Kuran-ı Kerim’in bir nüshasını yakan alevlerin dumanları dağıldıktan sonra, Suriyeli zeki bir genç harekete geçip Kur’an-ı Kerim gibi Tevrat'ın bir nüshasını yakma talebinde bulunarak İsveç makamlarını zor durumda bıraktı. Zira İsveç hükümeti, talebi reddetmesi ve hatta ertelemesi halinde çifte standart uyguladığını tüm dünyaya göstereceği için Avrupa ve uluslararası kamuoyu nezdinde son derece zor bir durumda kalmamak adına yakma eylemine izin verdi. Geçtiğimiz cuma günü İsveç polisi, İsveç'te ikamet eden Suriyelinin İsrail Büyükelçiliği önünde gösteri yapmasına ve Tevrat'ı yakmasına izin verdi. Karar, İsrail ve çeşitli dini kuruluşlar tarafından kınandı. Gerçekten de Suriyeli genç, destek için kendisiyle gelen bir grup İsveçli Müslüman ile birlikte büyükelçiliğin önüne geldi. Bir elinde Tevrat diğer elinde çakmak vardı. Kamuoyunun ve medyanın gözleri bu ilginç, kışkırtıcı ve tehlikeli sahneye çevrildiğinde Suriyeli genç Tevrat'ı yakmaktan vazgeçtiğini duyurdu. İsveç radyosu SVT'nin haberine göre Suriyeli genç, en başından itibaren Tevrat’ı yakmayı düşünmediğini, İsveç hükümetine ve tüm dünyaya "bir Müslüman olarak karşılıklı saygı çağrısı yapmak, ifade özgürlüğünün dikkate alınması gereken sınırları olduğunu söylemek” istediğini açıkladı.

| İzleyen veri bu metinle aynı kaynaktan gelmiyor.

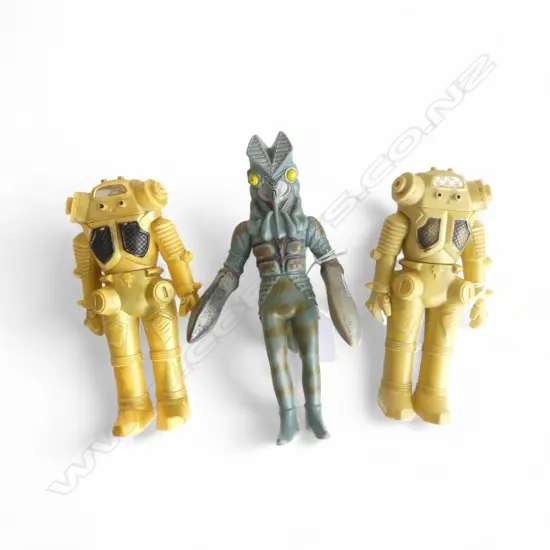 2 VINTAGE PLASTIC JAPANESE ROBOT FIGS, H.160mm & CHINESE LOBSTER MAN, H.180mm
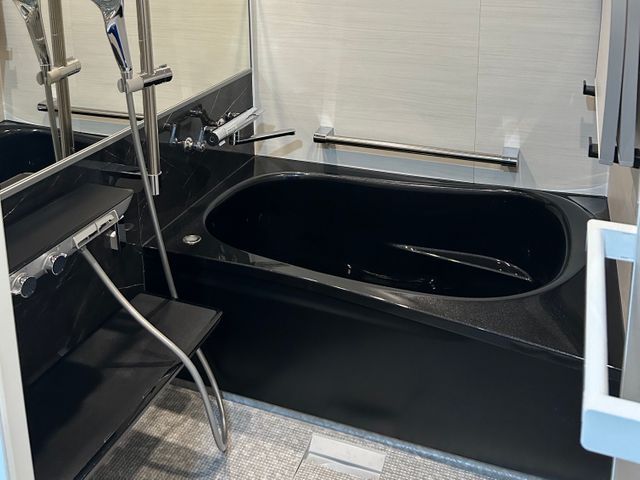 大手量販店での年間実績1000件以上！水垢、カビ、石鹸カス等エプロン内部も洗浄♪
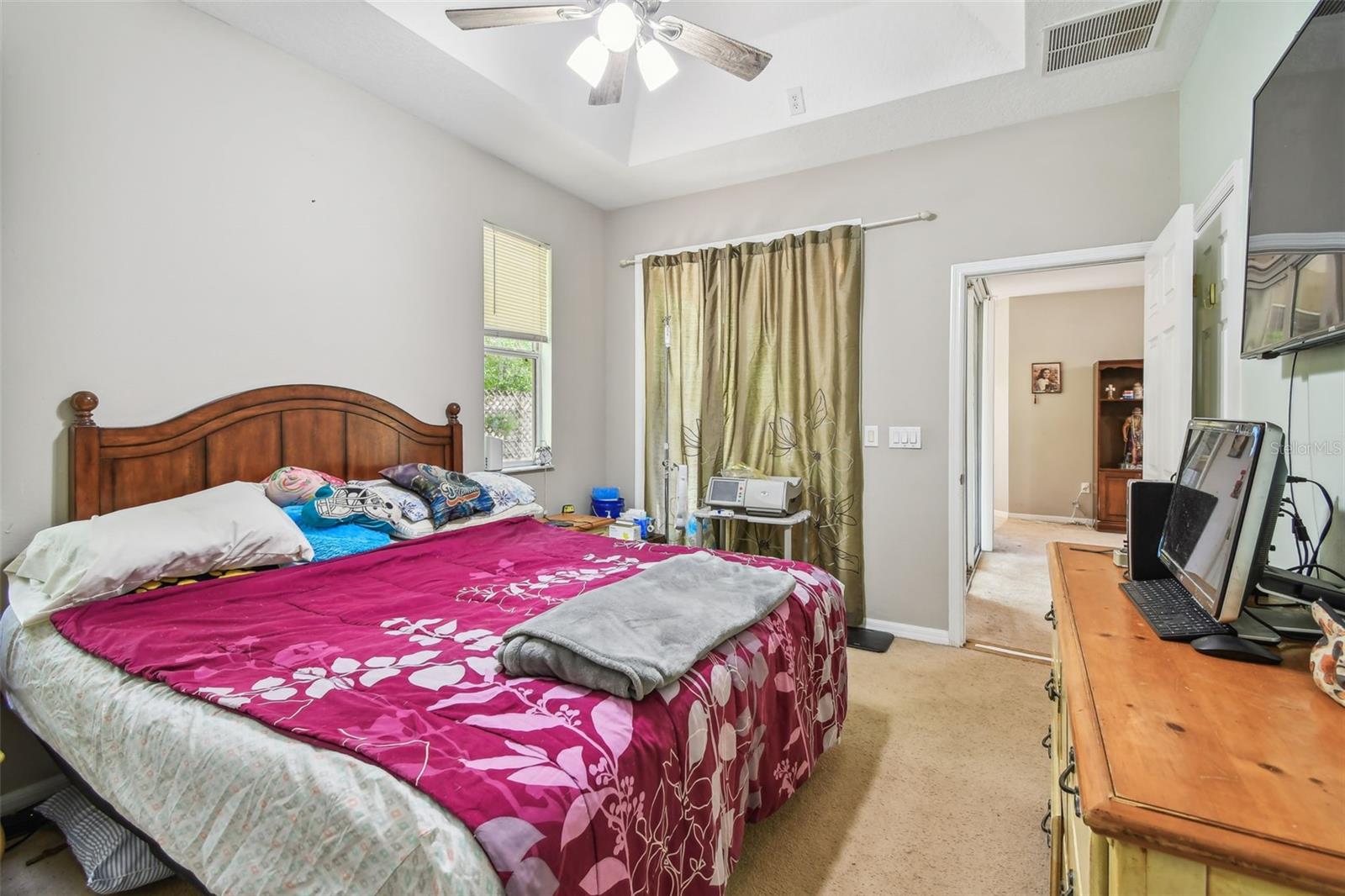 Image 21 of 49 For 419 Cierra Oaks Circle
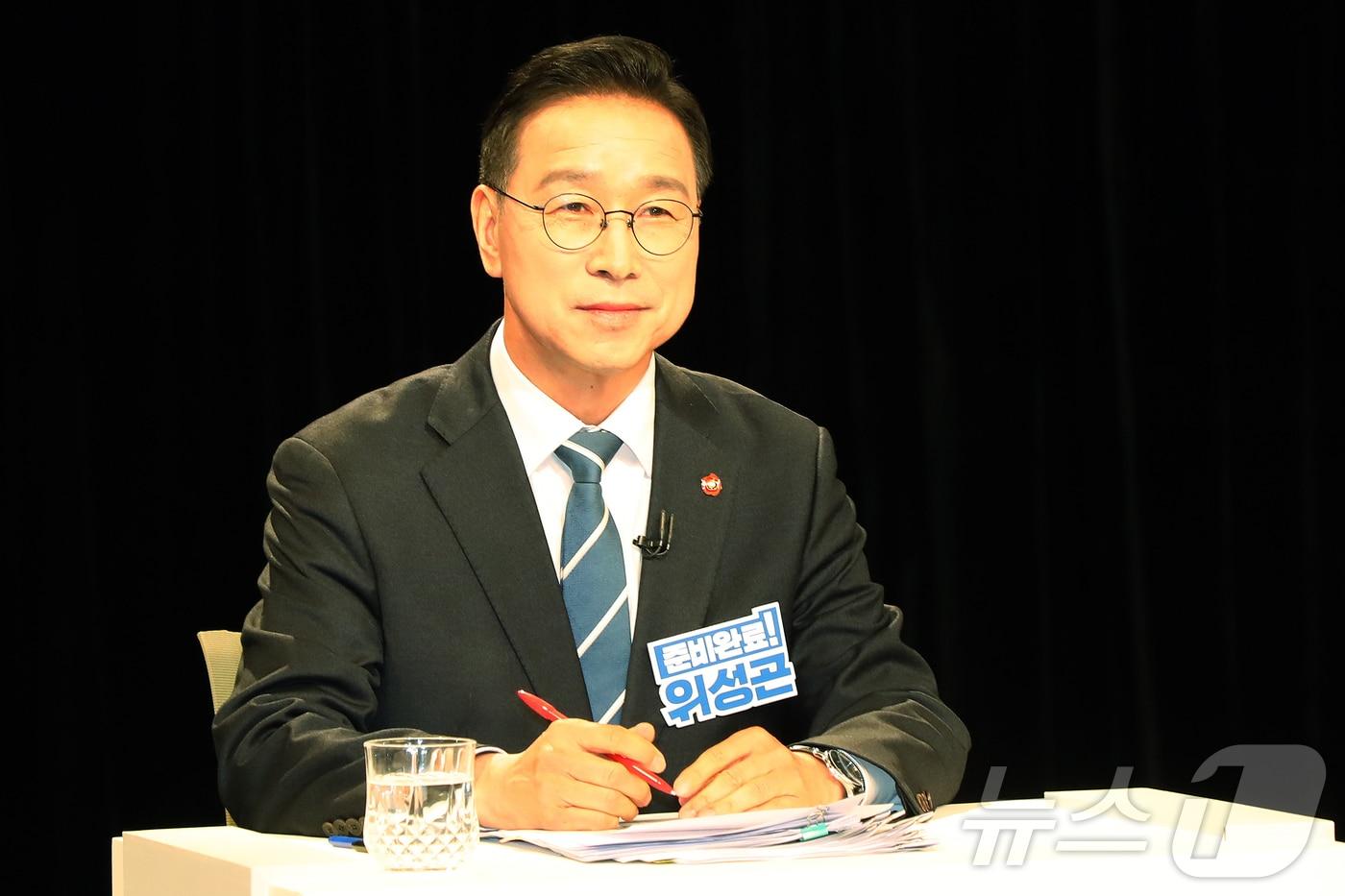 본문 이미지 - 위성곤 국회의원(제주 서귀포시)이 7일 오후 제주시 KBS제주방송총국 공개홀에서 열린 더불어민주당 제주도지사 본경선 후보자 합동 토론회에서 토론 준비를 하고 있다. 2026.4.7 ⓒ 뉴스1 오미란 기자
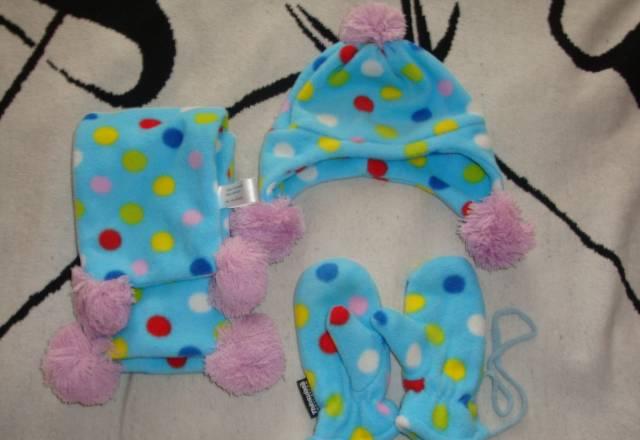 Комплект шапка+шарф+варежки нов Москва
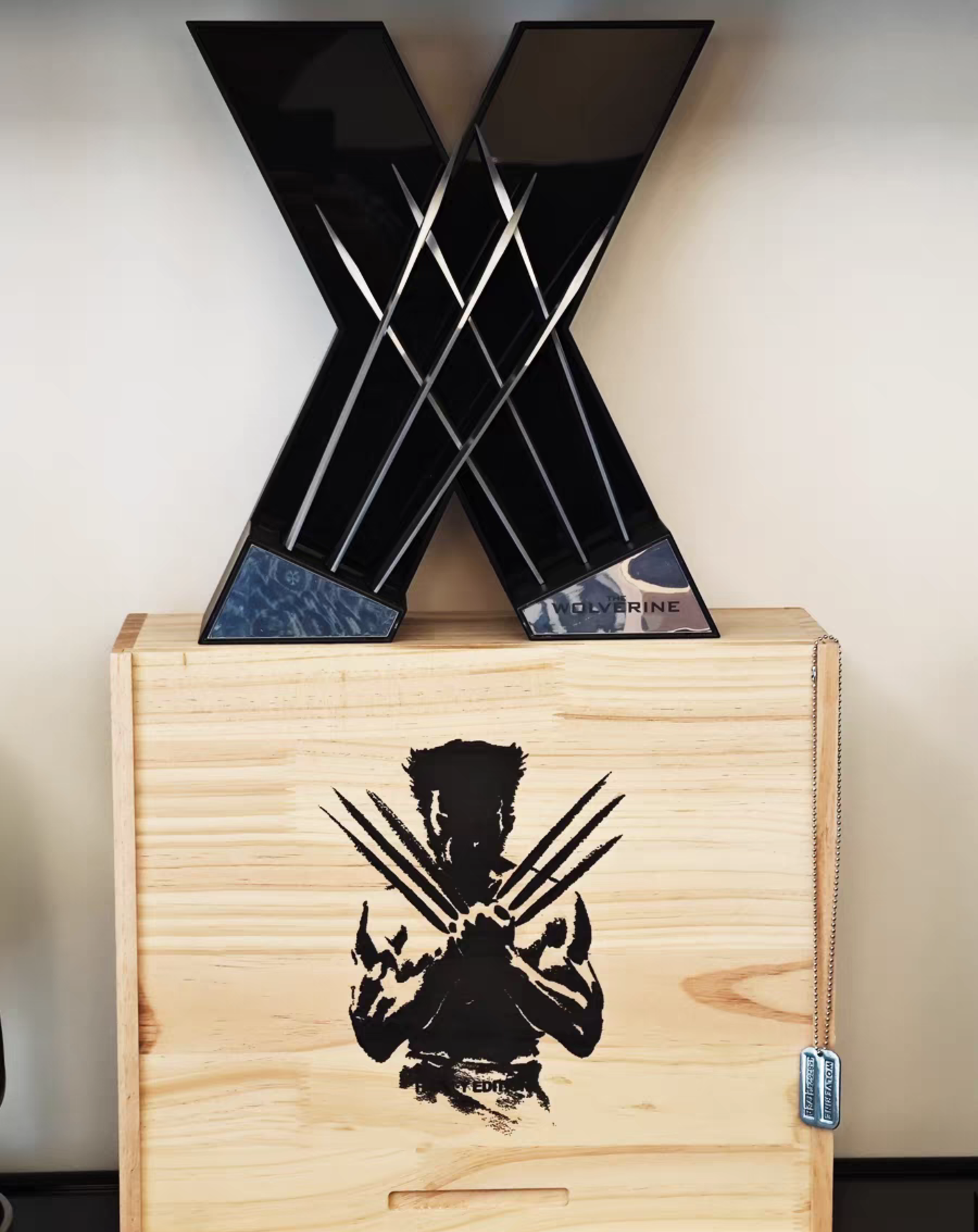 Wolverine Metal Claws Light-Up X Display Stand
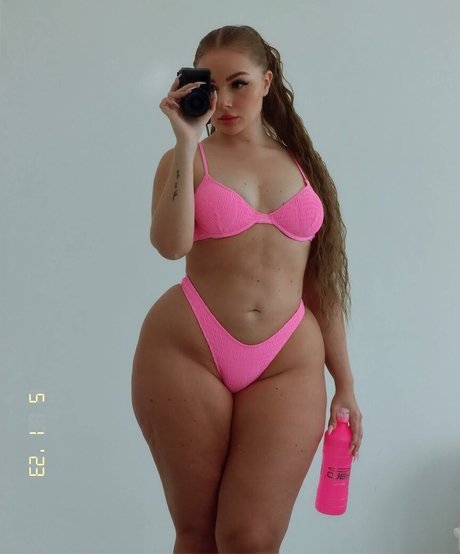 Emma Haggstrom étoile sympa galeries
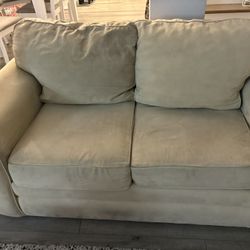 Couch/loveseat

İnsanlar, gencin mesajını iletmek için kullandığı yönteme ister katılsın ister katılmasınlar kesin olan şu ki, bu yöntem uluslararası haber ajanslarının, uydu kanallarının ve hatta sosyal medyanın görmezden geldiği pek çok kınama ve eleştirilerden çok daha etkili ve mesajını dünyaya ulaştıran bir araçtı.
Müslüman genç Tevrat'ı yakmayarak iyi yaptı ve gelecekte Hristiyan, Yahudi, Budist ve Hindu olsun, bir grup insan tarafından kutsanan herhangi bir kitabı yakmamak, bu gençten başkaları için de iyi olacaktır. Aslında Yahudiler için kutsal olan bir kitabı yakmaktan geri adım atan bu genç, tek bir mesaj değil, birkaç mesaj verdi. Bunların ilki, özgürlük ve demokrasiye sahip ülkelerin yasaları tarafından onaylansa bile, farklı dinlere ve farklı kültürlere mensup kişiler arasında karşılıklı kutsalları yakma eylemleri, canların kaybedilebileceği kaosa ve şiddete doğru tehlikeli bir kaymadır. Kuran-ı Kerim de bu yüce hedefi, yani kutsallara saygıyı desteklemiştir: Onların Allah'tan başka taptıklarına sövmeyin ki onlar da aşırıya giderek bilgisizce Allah'a sövmesinler.
İkinci mesaj da çok önemliydi; aşırılık yanlısı eylemlere, insanlar ne kadar şiddetli duygusal sloganlarla protesto etseler de eşit derecede aşırı veya daha şiddetli bir eylemle karşılık verilmemeli. İntikam, şiddet eylemleri, kamu tesislerine saldırı din, akıl ve menfaat açısından kabul edilemez. Müslüman azınlıkların durumunu ve çektikleri sıkıntıları araştıran herkes, hem bizim hem de akıllı insanların uyardığı bu şeylerin önemini anlayacaktır.
Eşit derecede önemli bir diğer mesaj hem etnik hem de dini yönden radikal Batı sağının önünü kesmektir. Kuran yakmanın ve Hz. Muhammed’i (s.a.v) kötüleyen karikatürlerin "sistematik" eylemler olduğunu göz ardı etmiyoruz. Amacı, Müslüman azınlık arasındaki fanatikleri, Batı halklarını öfkelendirecek şiddetli tepkiler vermeye kışkırtmak ve bunun sonucunda da İslamofobi’nin güçlenmesine ve Müslüman azınlıklara yönelik daha fazla kısıtlama ve baskıya yol açmaktır. Bu bağlamda Dr. Misfar el-Kahtani tweetinde "Haklar, şiddet yoluyla ve maruz kalınan ötekileştirme ve mağduriyete ağlanarak elde edilmez" dedi. Batı, 150 yıldır içinde yaşayan birçok etnik kökene ve azınlığa ev sahipliği yapıyor. Onlar artık birinci sınıf vatandaş olurken, Müslüman azınlık hala entegrasyon fikrini tartışıyor.